Thursday, September 20, 2012

The Two Questions

'Do what others cannot and will not do

'The greatest amount of wasted time is the time not getting started'


Today is the day I get started. I will be licensed as The Vicar of Holy Trinity Barnes this evening and the church plant we have been pouring ourselves into will become an 'official' reality. 

A man and a talk that has deeply impact me recently is called Born to reproduce by Dawson Trotman. Billy Graham said of Trotman that he was the man who had more influence over him than anyone else. He was the founder of the Navigators. I would commend you to both listen to the talk and read/mark/learn from the transcript of Born to reproduce and think deeply about it's implications. 
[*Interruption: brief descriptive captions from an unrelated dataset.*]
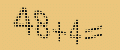 protect code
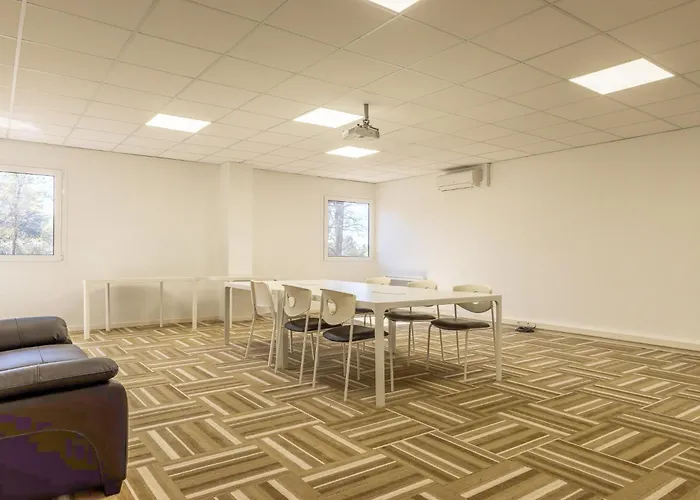 Apartamento L'ilot Narossais 1 - Ideal Curiste - Clim - Proche Dax Narrosse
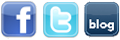 social_media.png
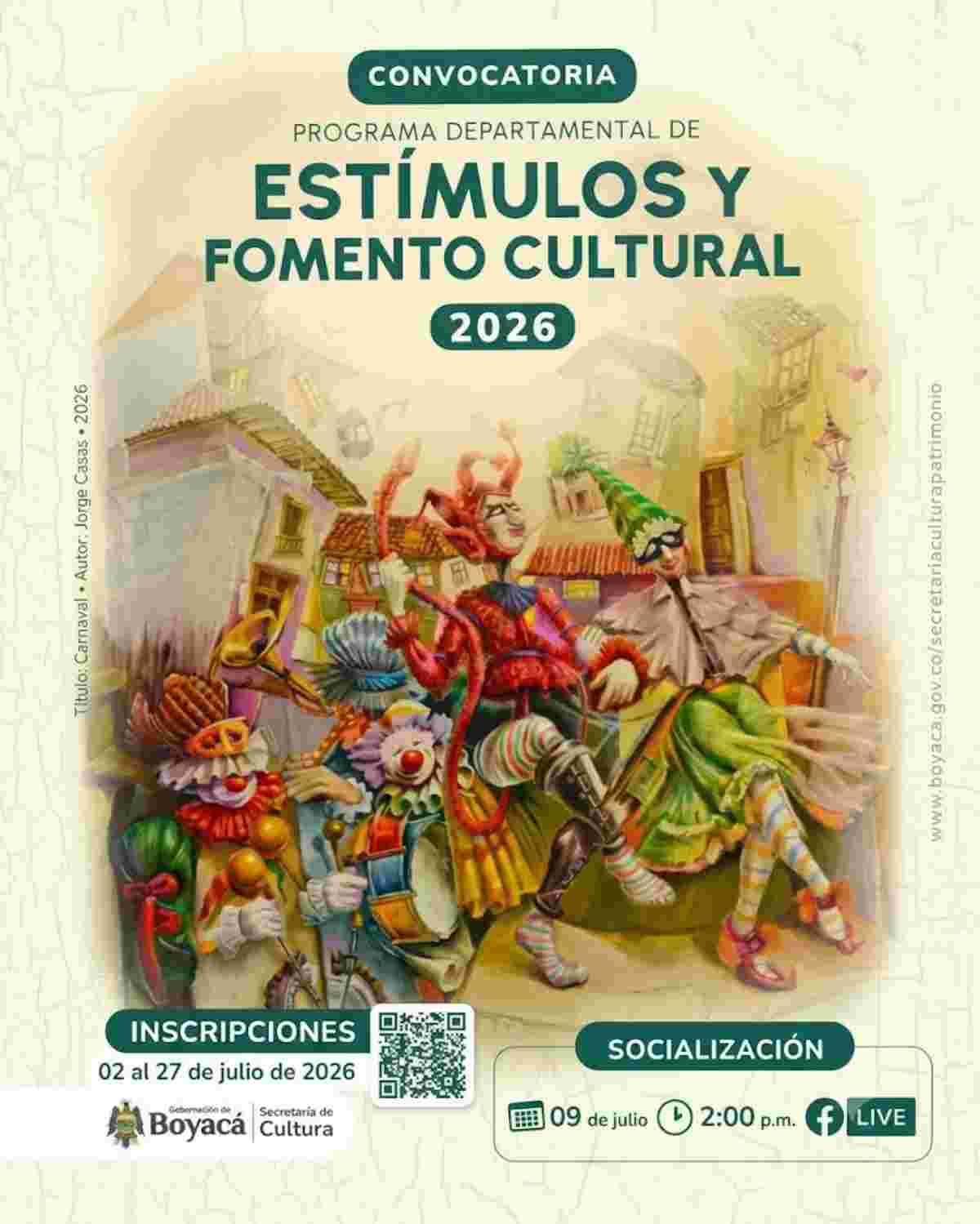 boyaca-convocatoria-programa-departamental-de-estimulos-2026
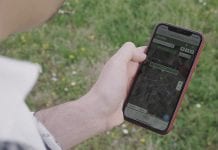 xFarm: l’applicazione per l’agricoltura di domani xFarm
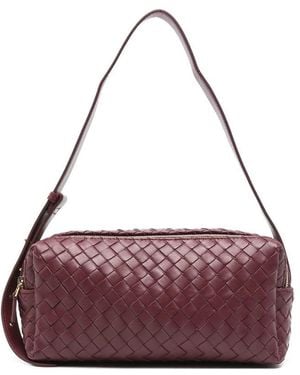 Elleme Bags - Purple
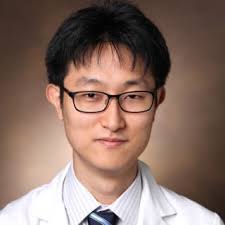 Dr. Young Lee, MD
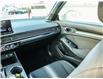 2024 Honda Civic  (Stk: L15890) in Ottawa - Image 14 of 27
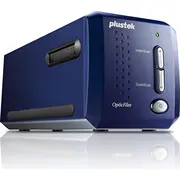 Skenētājs Plustek Opticfilm 8100 Ccd Plusof8100  783064365321
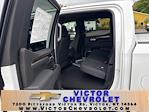 2026 Chevrolet Silverado 1500 Crew Cab 4x4 Pickup for sale #260074 - photo 27
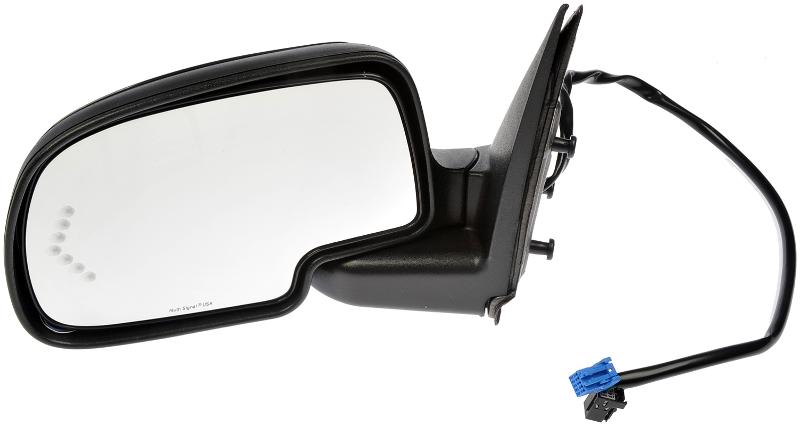 Dorman 955675 Door Mirror product image 1 of 2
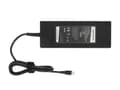 Miniatyrbillede 5 af 5: Strømadapteroplader til Dell USB-C 130W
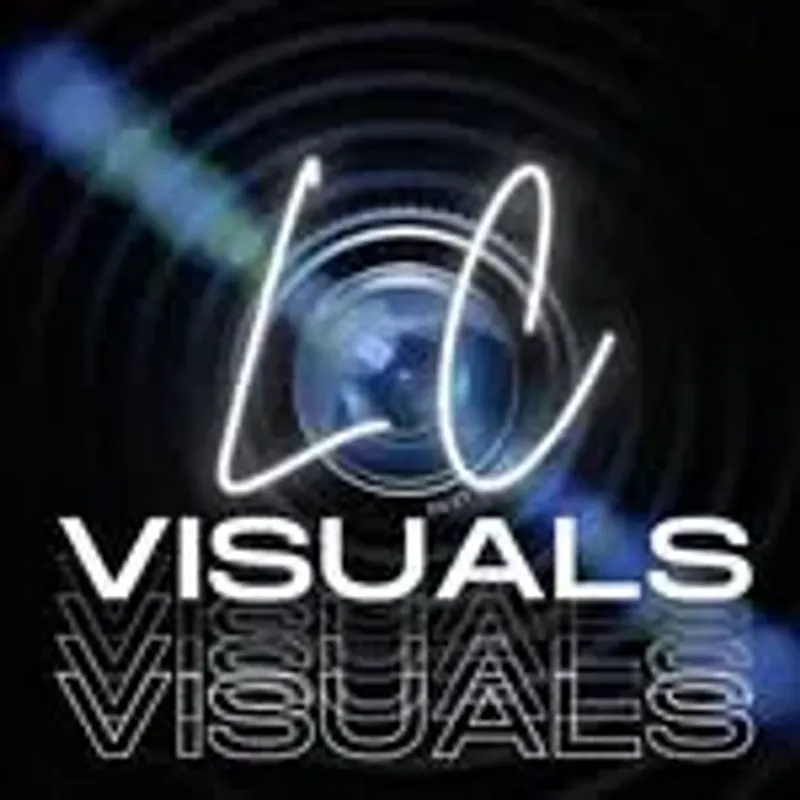 l_c_visuals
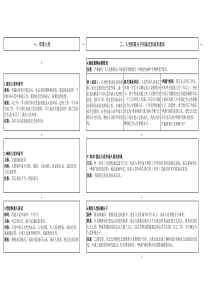 党员发展工作流程图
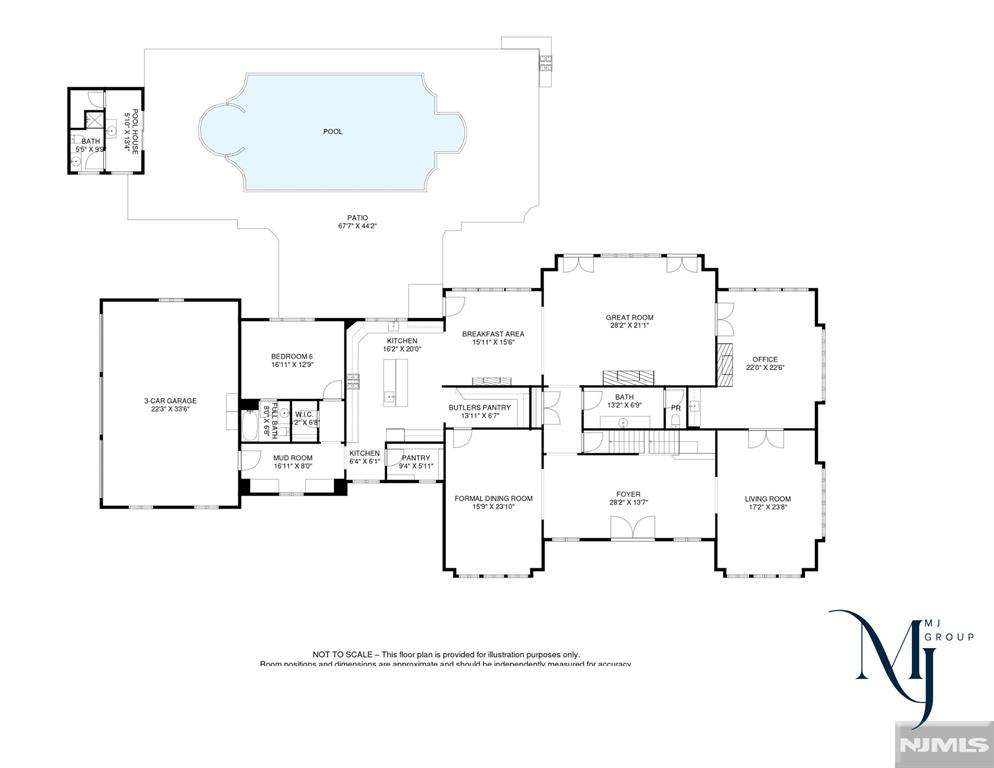 main property photo 34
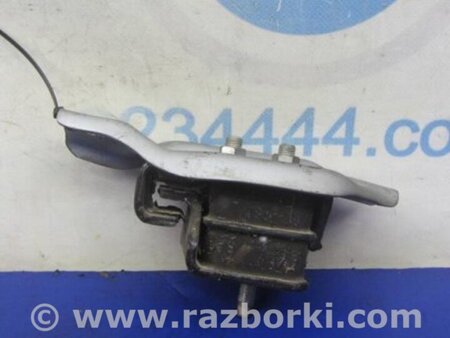 ФОТО Подушка для Subaru Forester SG Киев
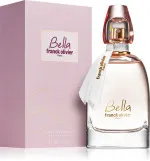 Bella Eau de Parfum til kvinder 75 ml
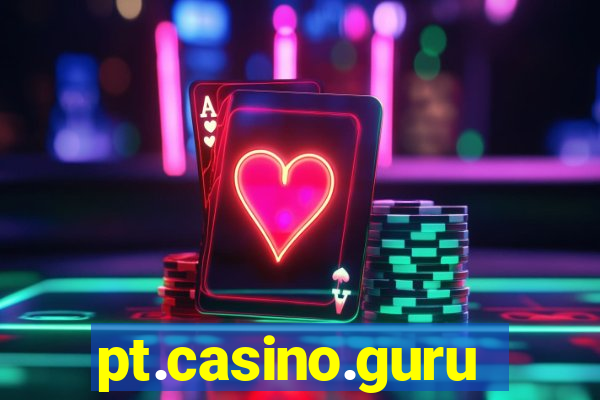 pt.casino.guru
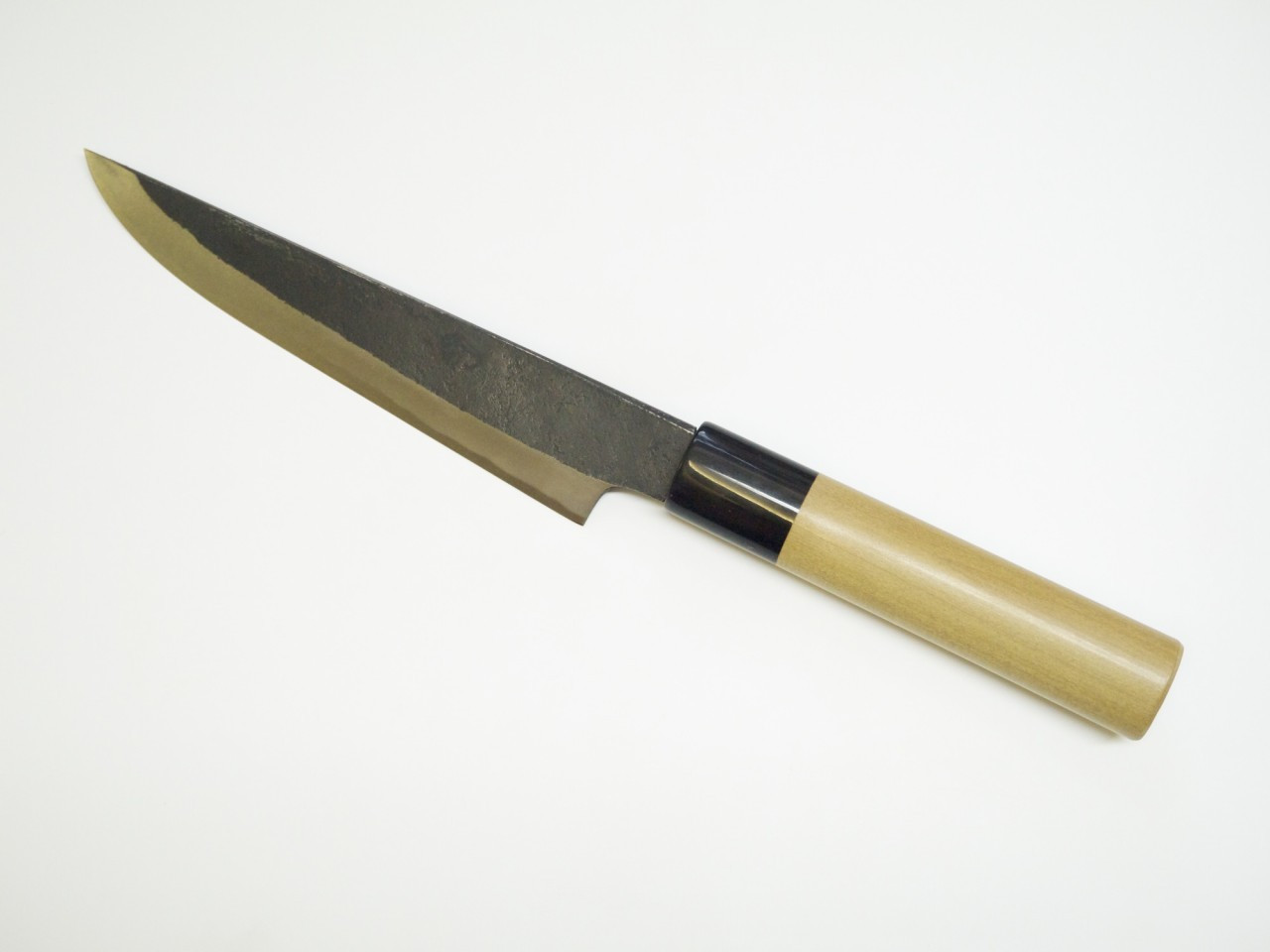 kitchen knives wiki 100 kitchen knives wiki kato bunka 165mm this knife kitchen knives wiki 100 kitchen knives wiki kato bunka 165mm this knife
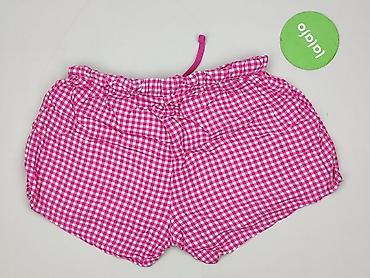 american eagle pajamas: Szorty damskie, rozmiar S — 3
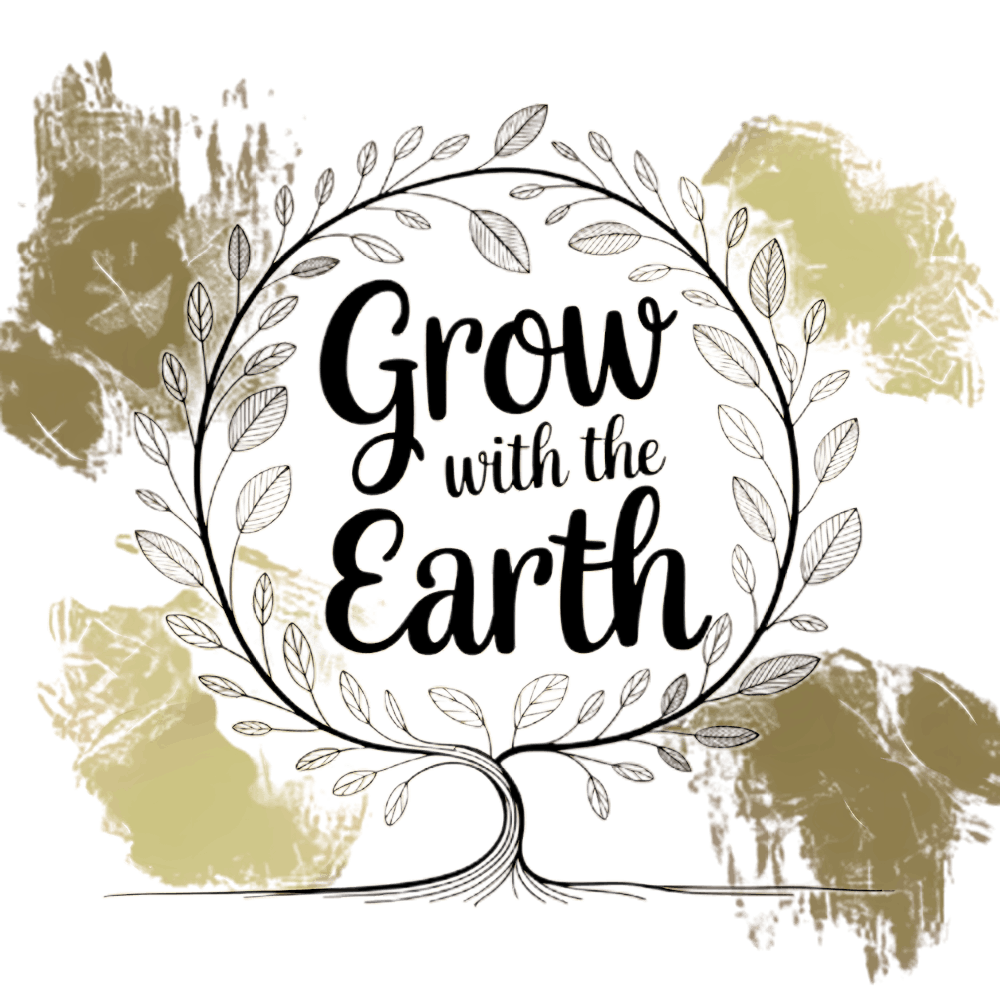 5983327577693078920 Removebg Preview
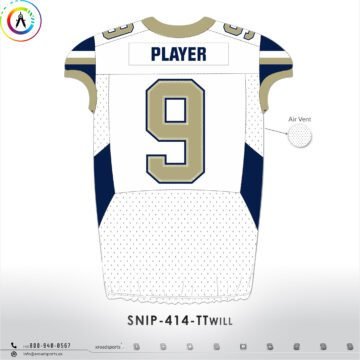 AFJ-SNIP-414-TTwill-Back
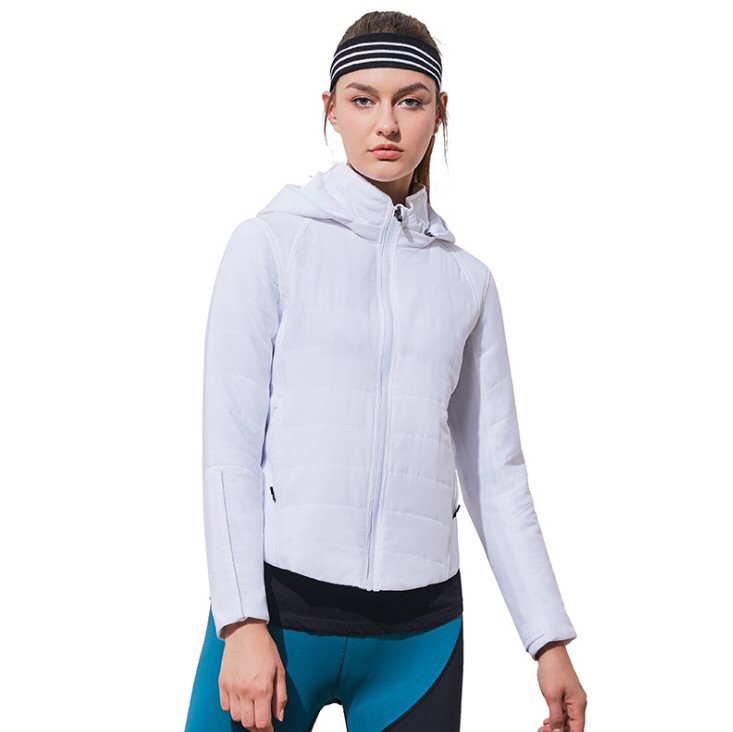 Lululemon 1824102 S-2XL 2C NN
We would all do well today to let Dawson Trotman interview us, as he did to these 29 missionaries, with his two penetrating questions:

"Some time ago I talked to 29 missionary candidates. They were graduates of universities or Bible Schools or Seminaries. As a member of the board I interviewed each one over a period of five days, giving each candidate from half an hour to an hour.
Among the questions I asked were two which are very important. The first one had to do with their devotional life. “How is your devotional life?” I asked them. “How is the time you spend with the Lord? Do you feel that your devotional life is what the Lord would have it to be?”
Out of this particular group of 29 only one person said, “I believe my devotional life is what it ought to be.” To the others my question then was, “Why is your devotional life not what it should be?”
“Well, you see, I am here at this summer institute,” was a common reply. “We have a concentrated course. We do a year’s work in only ten weeks. We are so busy.”
I said, “All right. Let’s back up to when you were in college. Did you have victory in your devotional life then?” “Well, not exactly.”
The other question I asked them was. “You are going out to the foreign field. You hope to be used by the Lord in winning men and women to Christ. Is that right’?”
“Y es.”
‘You want them to go on and live the victorious life, don’t you? You don’t want them just to make a decision and then go back into the world, do you’?”
Then may I ask you something more? How many persons do you know by name today who were won to Christ by you and are living for Him?
The majority had to admit that they were ready to cross an ocean and learn a foreign language. but they had not won their first soul who was going on with Jesus Christ. A number of them said that they got many people to go to church; others said they had persuaded some to go forward when the invitation was given.
I asked, ‘Are they living for Christ now’?”
Their eyes dropped. I then continued, “How do you expect that by crossing an ocean and speaking in a foreign language with people who are suspicious of you, whose way of life is unfamiliar, you will be able to do there what you have not yet done here?”
We traced back and found that never since they came to know the Saviour had they had a period of victory in their devotional lives. That was one of the reasons for their sterility—lack of communion with Christ.
These questions do not apply to missionaries and prospective missionaries only. They apply to all of God’s people. Every one of His children ought to be a reproducer.